From my own experience, both genders (males and females) of cockatiel species make wonderful pets. Females are said to be more cuddly and quiet, males are a bit more bold and can whistle quite a bit. Cockatiels, when properly socialized, can become the sweetest companions to their humans. They will likely enjoy riding on your shoulder, watching movies with you, sharing popcorn (unsalted and fat free, please), and generally hang out with you. They also like affection and absolutely love head scritches (both of mine constantly beg me for that, lol)
I don't find cockatiels noisy at all, but I am sure some people will disagree. Mine are quiet 95% of the day, and they do flock call occasionally. My male will whistle when he feels like it.
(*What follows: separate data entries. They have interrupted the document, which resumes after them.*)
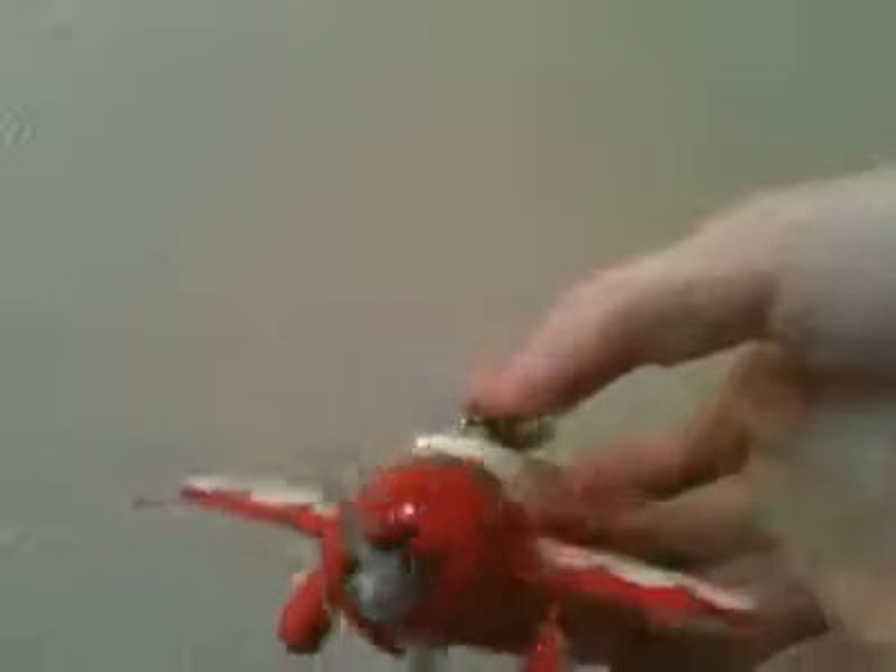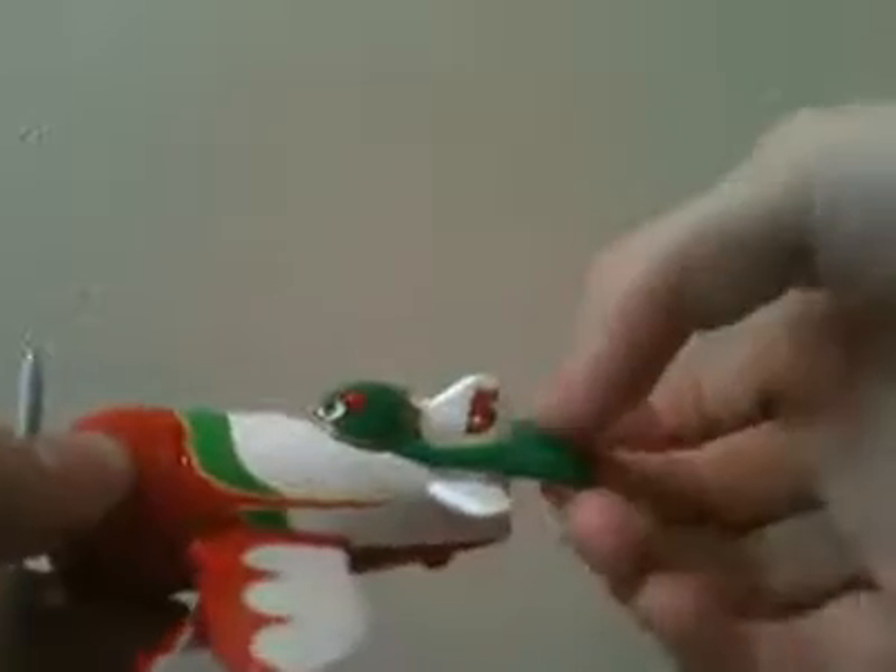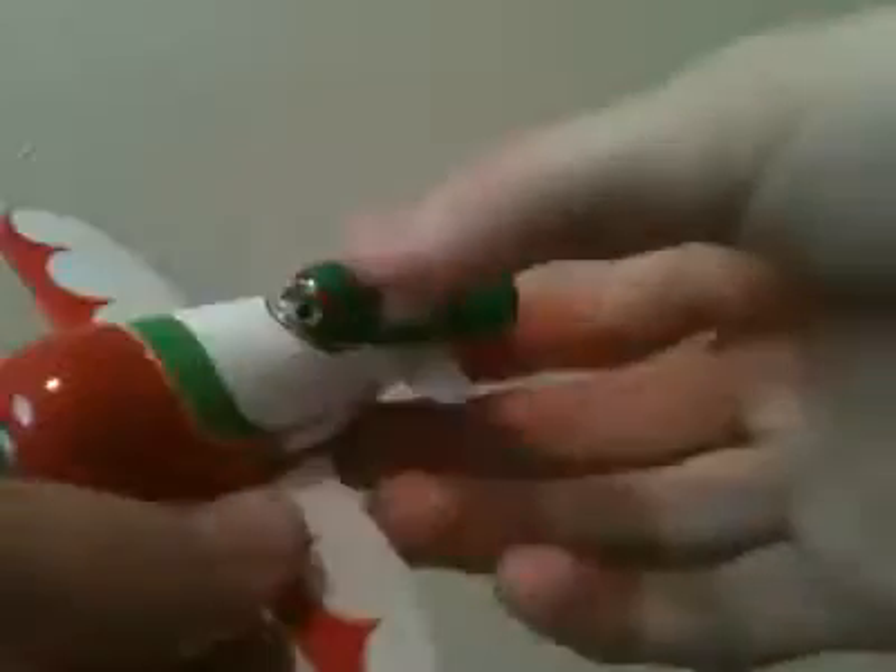I'm going to open this package and see what he looks like. This airplane is a 1:55 scale die-cast from Mattel, except that his cape is made of plastic, not removable, and his wings. I think his wings and his landing gear and his spinning propeller doesn't spin as fast, and his face are made of plastic.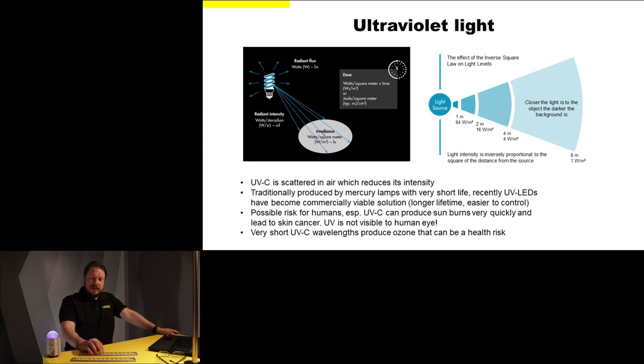Traditionally UVC has been produced by mercury lamps, which had a very short lifetime. Recently, UVC LEDs have become a much more viable option because they have a longer lifetime, and not only that — they are also a lot better controllable light sources than mercury lamps. You can easily adjust and optimize the exposure, and you can also use optics such as Violet with UVC LEDs to focus that small amount of UVC light from the LED so that it falls precisely on the target area.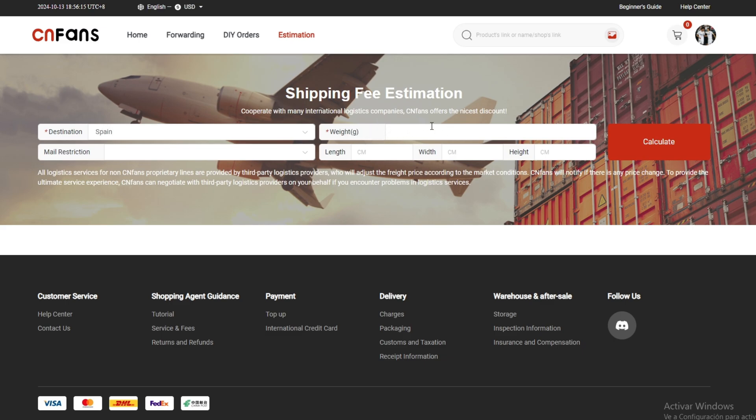Then you have to put the shipping weight of all the products. To know the entire weight of your shipping, you have to go to Reddit and look up the weight of each product.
They are not messier than budgies, especially if you only have one cockatiel. 
Their energy level is different than budgies'; they are more laid back and enjoy calm activities. They are non-aggressive and are really cool birds to own.*


----------



## dianapalmer (Oct 23, 2013)

I love my cockatiels. However, I find their poops are significantly larger than the budgie's. The powder down really doesn't bother me. My tiels molt much less than the budgie does.

My first tiel was a pet store female, and she is not very bonded with me. She is quiet most of the time, but goes through periods when she chirps loudly for periods of the day. My male tiel I got as a baby, and I was able to pick one that was comfortable on my finger. He is lovely and very bonded to me. I love to hear him whistle sings. Since my tiel has stared whistling, I feel that my budgie has become more tuneful, kind of imitating the tiel. Or, maybe I'm imagining it. But, sometimes, I am not sure which one is singing. I play recordings of tiels whistling "The Adams Family" and "Andy Griffith Song" and he has picked these up. I have to use recordings because, sadly, I cannot whistle.


----------



## Jonah (Feb 3, 2013)

dianapalmer said:


> I play recordings of tiels whistling "The Adams Family" and "Andy Griffith Song" and he has picked these up. I have to use recordings because, sadly, I cannot whistle.


This is what I think I might need to do...I taught mine to wolf whistle, and then started with a little sunday school tune I wanted him to try and learn for my grandkids. I go down in the mornings and he is whistling away trying to imitate it and sounds horrible, bless his little imitating heart...it's gotta be my whistling...


----------



## dianapalmer (Oct 23, 2013)

Mine seems to like songs that have claps in them, like Adams Family and If you're Happy and You Know It. He actually imitates the claps, and seems to enjoy it.


----------



## Jonah (Feb 3, 2013)

That sound's pretty cool...


----------



## budgiebeatles (Aug 12, 2014)

I live with a 'tiel, because my roomie has one! She is the sweetest thing ever, you can see her here in my signature. Her name is Yoko!  Mess-wise, she is not messy, noise-wise, she is not noisy at all, but when she wants her veggies, she can _scream_ like crazy!


----------